David Lama e o Resgate da Ética
O século XXI trouxe um novo capítulo com a chegada de David Lama, um jovem prodígio austríaco de ascendência nepalesa. Patrocinado por grandes marcas, Lama chegou ao Cerro Torre em 2009 com o objetivo ousado de “livrar” a montanha, ou seja, escalá-la sem usar os grampos de Maestri.
Entretanto, a sua primeira tentativa foi um desastre de relações públicas. A sua equipe de filmagem instalou novas proteções fixas para garantir a segurança dos cinegrafistas, o que foi visto como uma repetição dos erros de 1959 e 1970. Lama saiu da Patagônia desmoralizado, quase sofrendo agressões físicas de escaladores locais. Mas o jovem não desistiu. Três anos depois, em um estilo impecável e minimalista, ele finalmente escalou o Cerro Torre em estilo livre, provando que a montanha poderia ser vencida com respeito e pura habilidade técnica.
O Sangue Brasileiro e o Fim dos Grampos
A história do Cerro Torre também possui capítulos escritos por brasileiros que desafiaram as suas paredes verticais. A lista de brasileiros que atingiram o cume é seleta: Luiz Makoto Shibe (o pioneiro nos anos 90), Alexandre Portela, Edmilson Padilha, Ricardo “Ratinho” Baltazar e, mais recentemente, o jovem talento Ben Soteiro.
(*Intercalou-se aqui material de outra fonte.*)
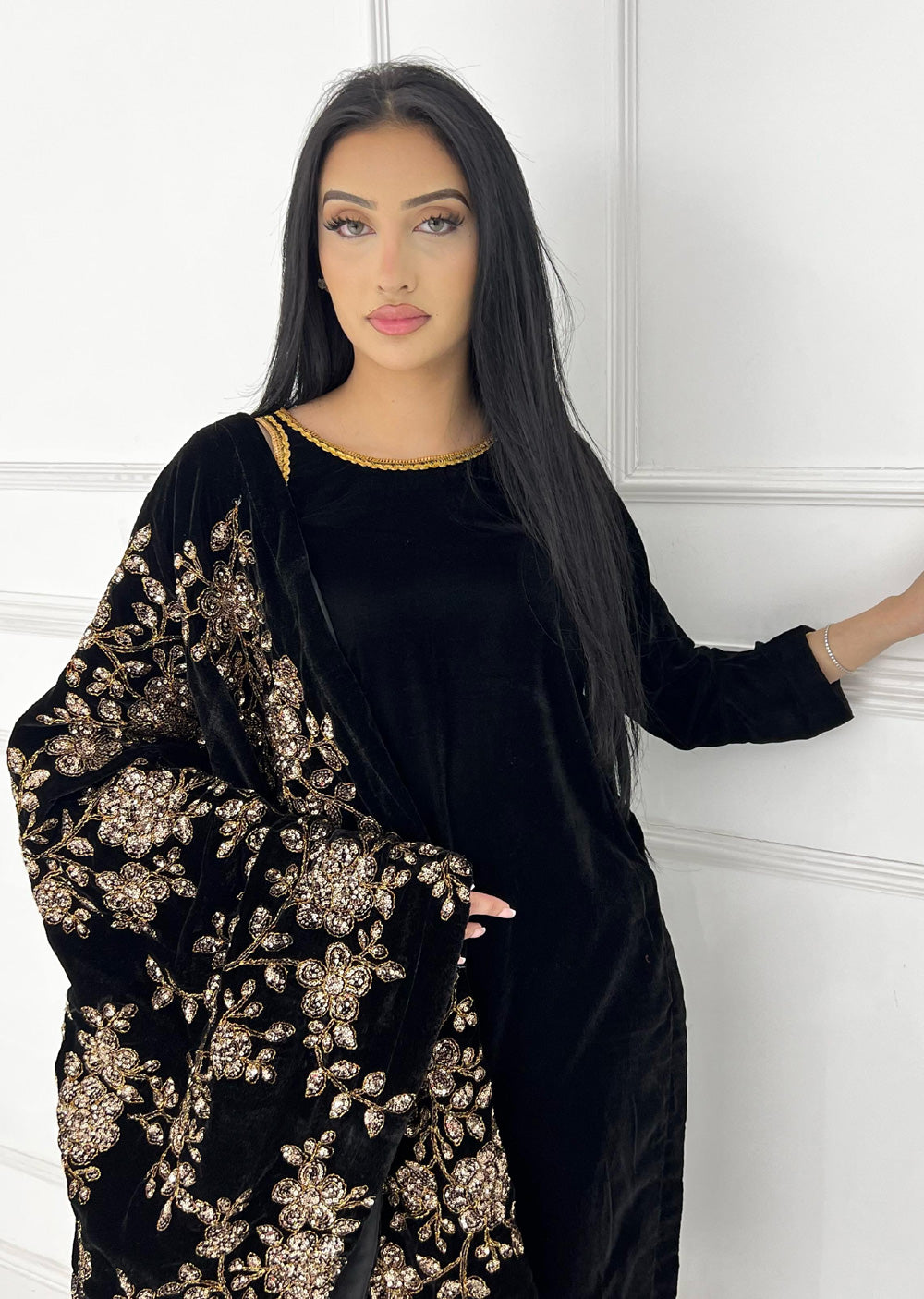 ASBC-02 - Black - Readymade Asma Winter Velvet Suit 2025 - Memsaab Online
Um dos momentos mais dramáticos envolveu o saudoso Ricardo “Ratinho” Baltazar. Em 2012, enquanto descia da montanha, Ratinho testemunhou o fim de uma era. Ele cruzou com os escaladores Hayden Kennedy e Jason Kruk, que haviam tomado a decisão unilateral de arrancar os grampos de Maestri durante a descida. Ratinho foi, possivelmente, a última pessoa a utilizar a Via do Compressor original. A remoção dos grampos gerou uma revolta tão grande na vila de El Chaltén que os dois estrangeiros precisaram de escolta policial para não serem linchados.
Legado e Tragédia
Infelizmente, a montanha cobra o seu preço. Muitos dos protagonistas desta história tiveram fins trágicos: Hayden Kennedy tirou a própria vida após uma avalanche vitimar a sua namorada; o brasileiro Ratinho também partiu precocemente; e o próprio David Lama faleceu em 2017 em um acidente nas montanhas do Canadá.
Hoje, o Cerro Torre permanece lá, despojado das facilidades artificiais de Maestri. Sem os grampos, ele retornou ao seu estado original: uma fortaleza de granito que exige o máximo de qualquer ser humano. Para os escaladores que ainda ousam encará-lo, o topo do Torre continua sendo o teste definitivo de coragem, ética e técnica no mundo do montanhismo e é este contexto que valoriza ainda mais a experiência de Ben Soteiro, o primeiro brasileiro brasileiro a fazer cume sem os grampos de Maestri.